Machine Learning deployments are so essential to AI because of their sophisticated pattern determinations that are largely based on predictions. The accuracy of those predictions is predicated on creating Machine Learning models that learn from their results in an iterative process that, ideally, continually improves.
Such predictive success is widely based on building dynamic statistical AI models that adapt over time—and determining the relevant features on which their learning is based. Although the model construction process is one of the core facets of Data Science that involves feature engineering, data transformations, training data and more, the way those models function can be succinctly summarized in a couple of sentences.
According to Cambridge Semantics CTO Sean Martin, “When you’re doing Machine Learning you’re looking for a formula or a line that when you put in one or more values, up pops the missing value. That’s the essence of it.”
Developments in visual approaches to model building involving embedding, graph technologies, and scattershot plots are becoming an increasingly viable means of perfecting the feature generation process described by Martin to create credible Machine Learning models underpinning statistical AI.
Read more: Data Science Tropes: Cowboys and Sirens
Embedding is a means of vectorizing data (transforming data into a numerical format) to assist in the feature engineering process. Graph technologies provide optimal settings for this aspect of predictive model building because they maintain the relationships in data while vectorizing them to provide a visual means of finding the line or formula Martin described.
Doing so requires taking model training data and “you’ve got to convert everything to numbers, then you can eventually plot what will be an end dimension vector space,” Martin explained. “And, often that requires these mathematical transforms to effectively cluster the data onto these lines.” Graph settings are primed for the transformations necessary for vectoring data in part because they natively support clustering capabilities.
Once organizations have completed the transformations to vectorize their training data, they analyze it with “various processes,” Martin noted. “One of them might be, for example, a linear regression where you’re looking for a line of these different vectors, where they line up.” This technique, in addition to utilizing a scattershot chart to plot these vectors, is highly influential in identifying the features necessary upon which to base adaptive statistical AI models.

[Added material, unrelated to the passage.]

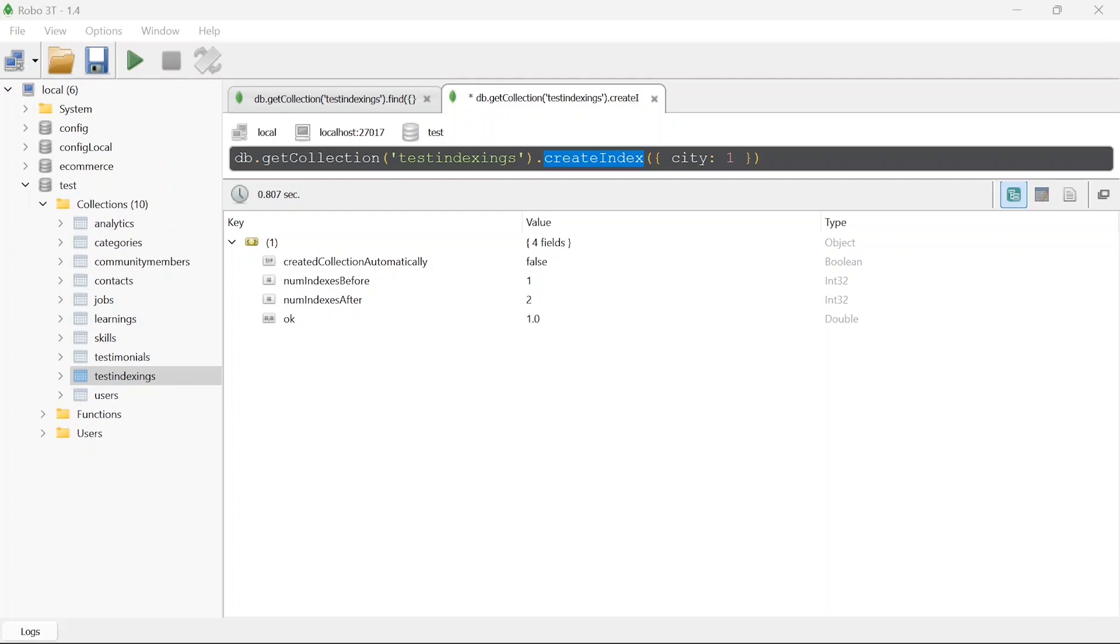I hope you got the basic idea of indexing. If you want a video on detail of indexing in MongoDB then you can comment it down so that I can pick it up in the next video. Thanks for watching and before leaving hit the subscribe button if you haven't already done that.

“If you’ve got a scattershot plot and you can see effectively what the line is that goes through the…plot; it’s just algebra,” Martin offered. “You can take any point on the line, and you just follow the lines where the X is and you drop down to the Y.” These techniques enable organizations to ascertain that when given specific circumstances or features in their data, they can expect—or predict—a particular outcome.
Labeled Example Data
The feature engineering procedures Martin detailed are critical for training models with labeled examples of the phenomena they’re trying to predict. A deep neural network model for image recognition systems, for example, may need to be trained on all the different features necessary for identifying when a front bumper needs replacement following an automotive collision. Training cognitive statistical AI models with data reflecting labeled examples is necessary for supervised learning applications and many unsupervised learning applications, too.
Thus, when vectorizing data to determine relevant features via graph embedding, “if you’re doing something where you’re going to train the [model], you have to have examples, labeled examples, where the predictions are already made,” Martin revealed. In this respect, annotated training data plays an integral role in informing the learning process of adaptive statistical AI models via graph embedding “through training it with examples where you know what the missing value is for a number, and you can test [the model],” Martin commented.
Featuring engineering techniques involving graph embedding are gaining credence throughout data science for two reasons. They support scenarios in which organizations have labeled training data to teach models to predict certain outcomes, or in which modelers are simply looking for features that reveal how to predict those outcomes. For the latter, the graph approach is particularly suitable for situations in which “you don’t know what the missing numbers are and you just use math to look for clusters,” Martin mentioned.
In either instance, the ability to perform mathematical transformations, what Martin referred to as “pivots”, is critical to vectorizing data and pinpointing the features supporting both supervised learning and unsupervised learning models. “You start with what looks like human-readable record data and you transform it down to vectors and then you do manipulations of those vectors to see if you can find a plane in which there is a line through which a prediction can be made,” Martin summarized. “Then that becomes your machine learning model.”